ビットマスターが破産
重要【破産申立てについて】
株式会社ビットマスター 代表取締役 西 貴義
弊社は、令和元年11月22日、東京地方裁判所に破産の申し立てを行いました。
(中略)
破産に至る原因の主たるものとしては、ビットコイン相場が上昇したことにより、会員の皆様よりお預かりしていたものと同数のビットコインの調達が困難になったことが挙げられます。
(中略)
本件の詳細については、破産管財人より、債権者集会にて報告がなされる予定です。
債権者集会は、令和2年5月20日14時から、ホテルメルパルク東京にて、開催される予定となっております。
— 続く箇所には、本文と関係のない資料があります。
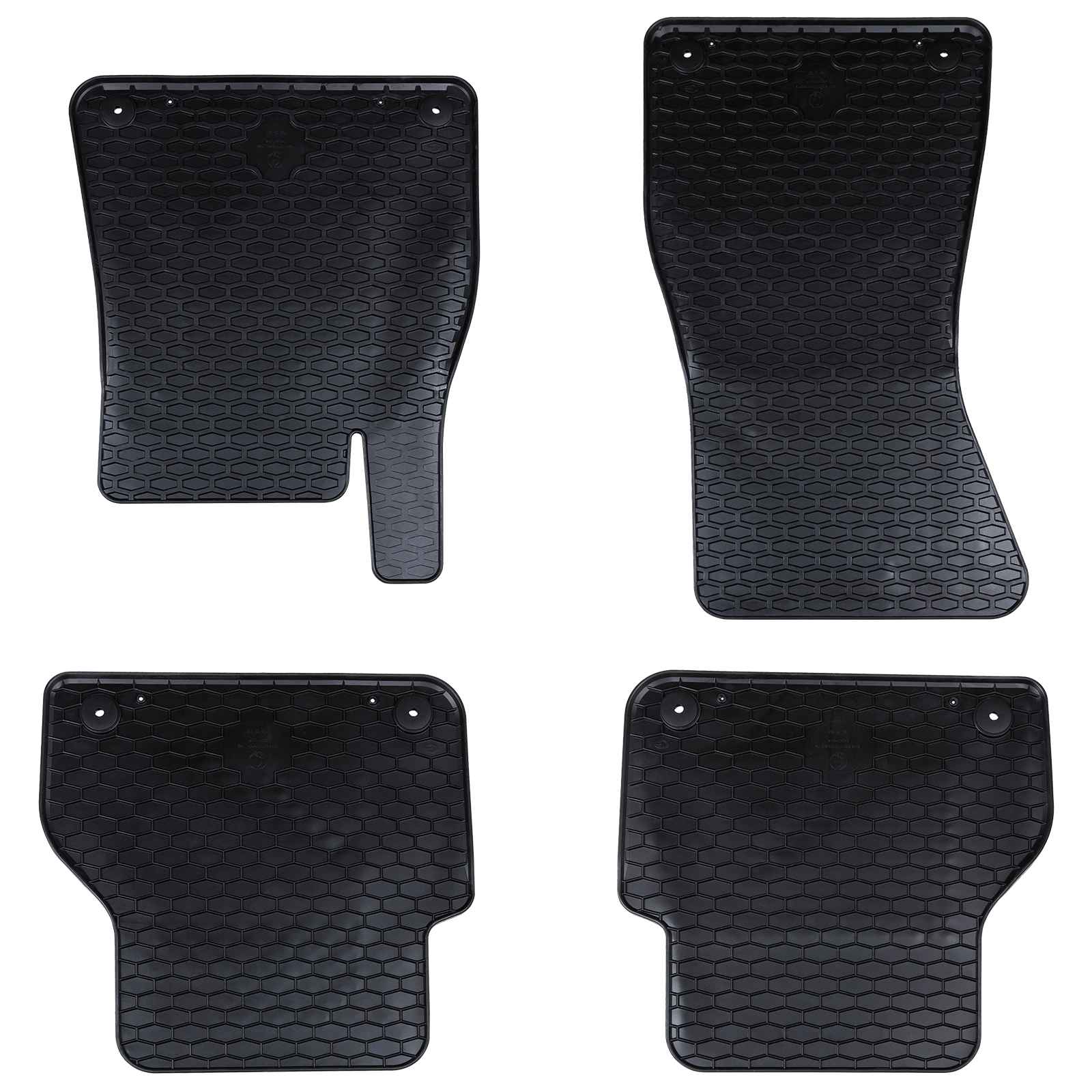 Autobodemmat 4 pcs Zwart Rubber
また、今後の本件に関する情報は、近日中に破産管財人よりホームページが開設され、こちらに随時情報が掲載される予定とのことです。
【魚拓】重要【破産申立てについて】 | 株式会社ビットマスター- 2019年11月27日 13:02 - ウェブ魚拓
ビットマスターという会社が破産申し立てを行いました。
負債総額は109億4400万円。
22,369名の債権者がいるそうです。
顧客資産の使い込み?
公式サイトには以下のようにあります。
「破産に至る原因の主たるものとしては、ビットコイン相場が上昇したことにより、会員の皆様よりお預かりしていたものと同数のビットコインの調達が困難になったことが挙げられます。」
ここが意味不明。
ビットコインを扱う会社なら、ビットコインの価値が上昇すれば普通はうれしい。
預かっていたものなのになぜ調達する必要があるのか?
預かってるだけなら手元にあるはず。
これ、預かっていたはずのビットコインを使いこんじゃったってことですよね。
かなり悪質なんじゃ…
ビットマスターは仮想通貨交換業者としては未登録。
そのため、ビットコインの売買はできない。
だから、会員権を100万円で売る→会員は100万円相当のビットコインがもらえる(実質的にはビットコインを売買しているのと同義)みたいなシステムだったのかも?
債権者集会
「本件の詳細については、破産管財人より、債権者集会にて報告がなされる予定です。
債権者集会は、令和2年5月20日14時から、ホテルメルパルク東京にて、開催される予定となっております。」
債権者集会が令和2年5月20日に開かれるようです。
令和2年(2020年)5月20日といえば半年後ってことですね。
6か月も待てないでしょ…
一刻も早く説明会したほうがいいんじゃ。
ビットマスターって何の会社?
当社は、1986年(昭和61年)5月の設立。かつては、印鑑や家庭用浄水器等の訪問販売を主業とするほか、「ゆいの会」と称して会員制各種ショッピングや旅行、葬儀等のサービス提供も行っていた。2017年5月に現商号に変更後は仮想通貨ATM(自動預払機)のネットワークビジネス販売など仮想通貨交換関連事業を展開していた。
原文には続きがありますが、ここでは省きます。